Your instructions: Transcribe the whole listing exactly, but do not carry over its pictures.

Records for the exercise:
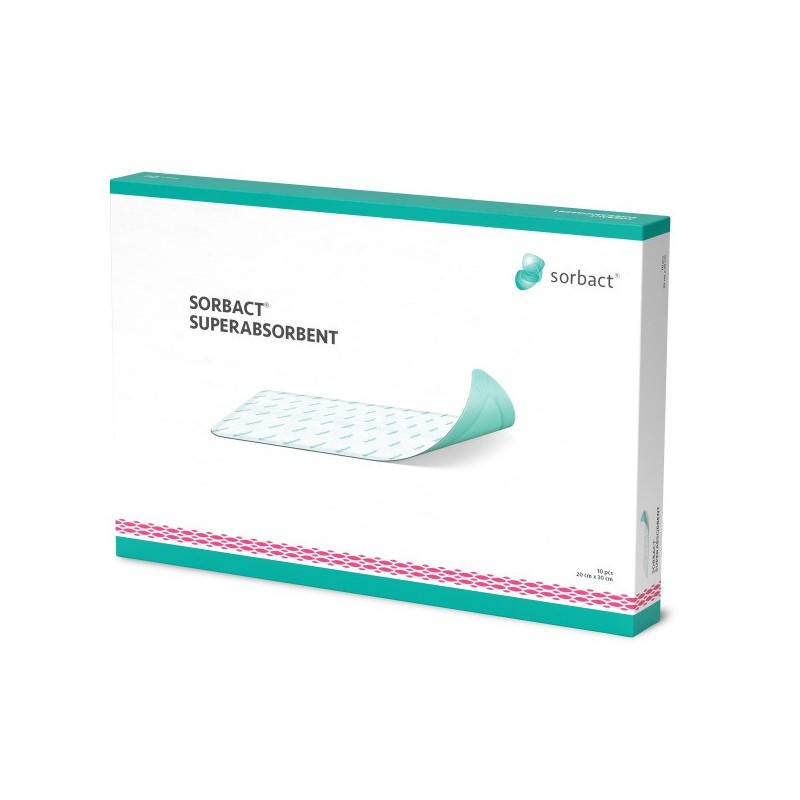 Sorbact Superabsorbent 20x30cm bte 10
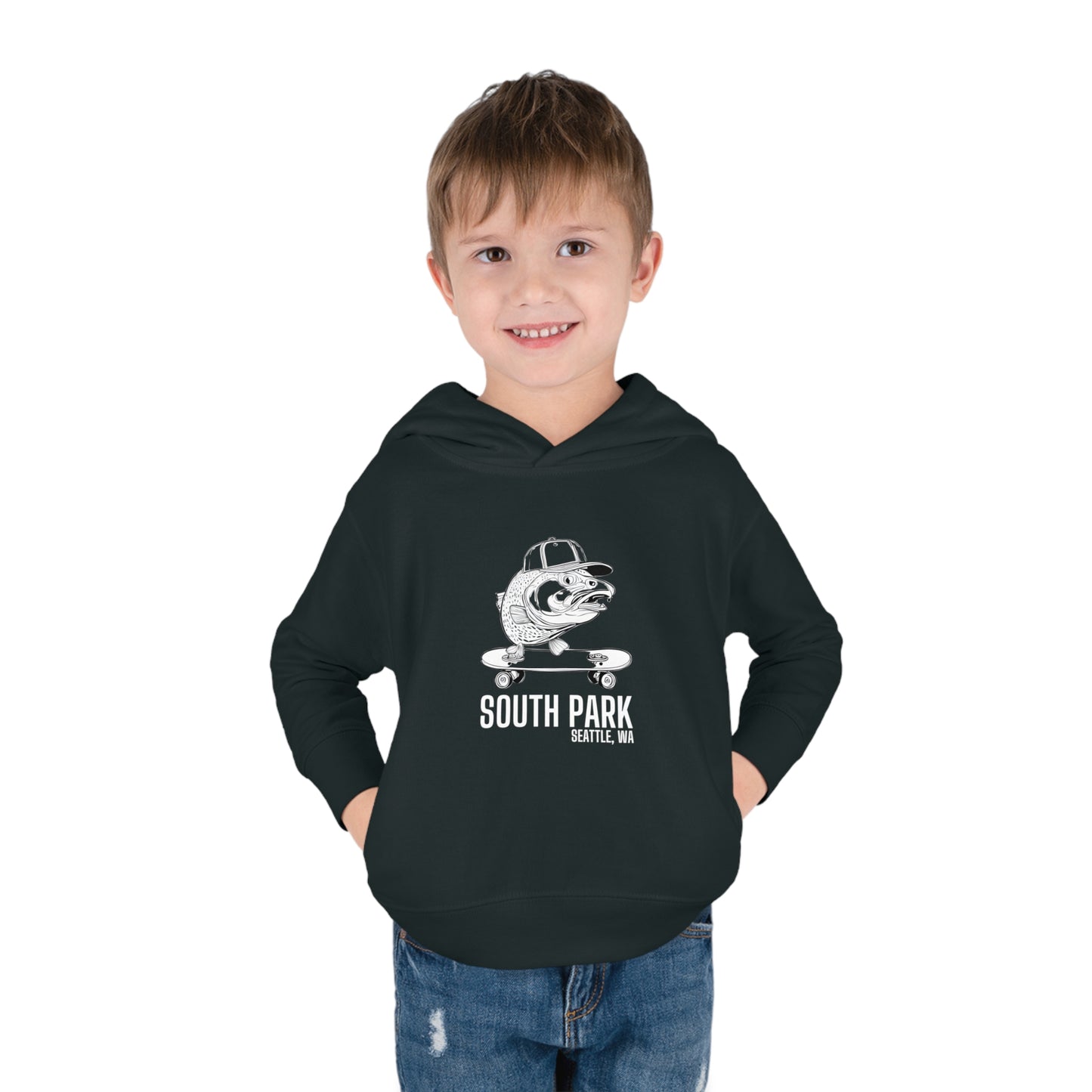 South Park Seattle Toddler Pullover Fleece Hoodie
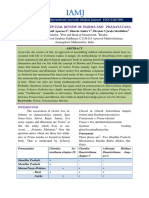 Samhitokta Conceptual Review of Marma and Pranayatana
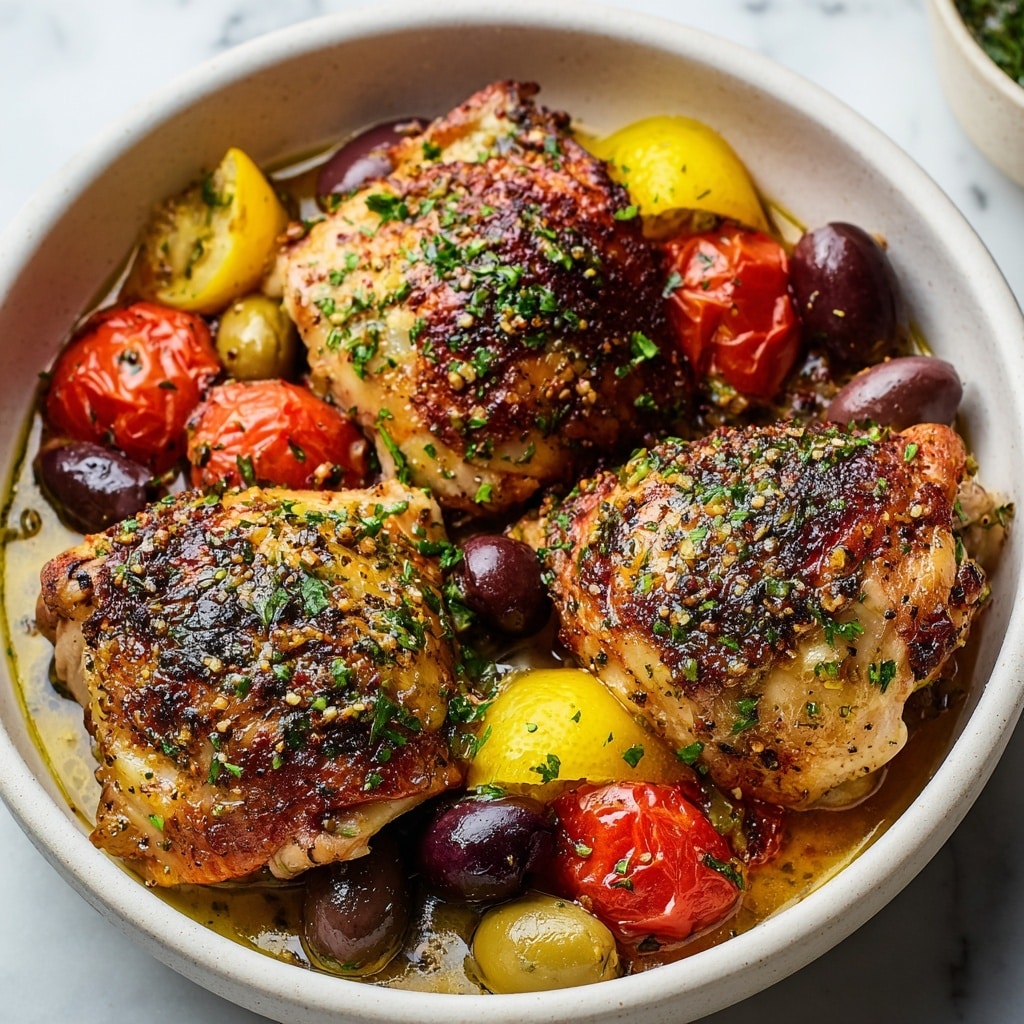 Slow Cooker Greek Chicken Recipe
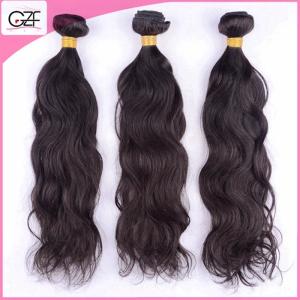 Wholesale Good Quality Hair Extensions Natural 1b# Color Peruvian Natural Texture Hair Weave from china suppliers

Output for this task:
 Sorbact Superabsorbent 20x30cm bte 10
 South Park Seattle Toddler Pullover Fleece Hoodie
 Samhitokta Conceptual Review of Marma and Pranayatana
 Slow Cooker Greek Chicken Recipe
 Wholesale Good Quality Hair Extensions Natural 1b# Color Peruvian Natural Texture Hair Weave from china suppliers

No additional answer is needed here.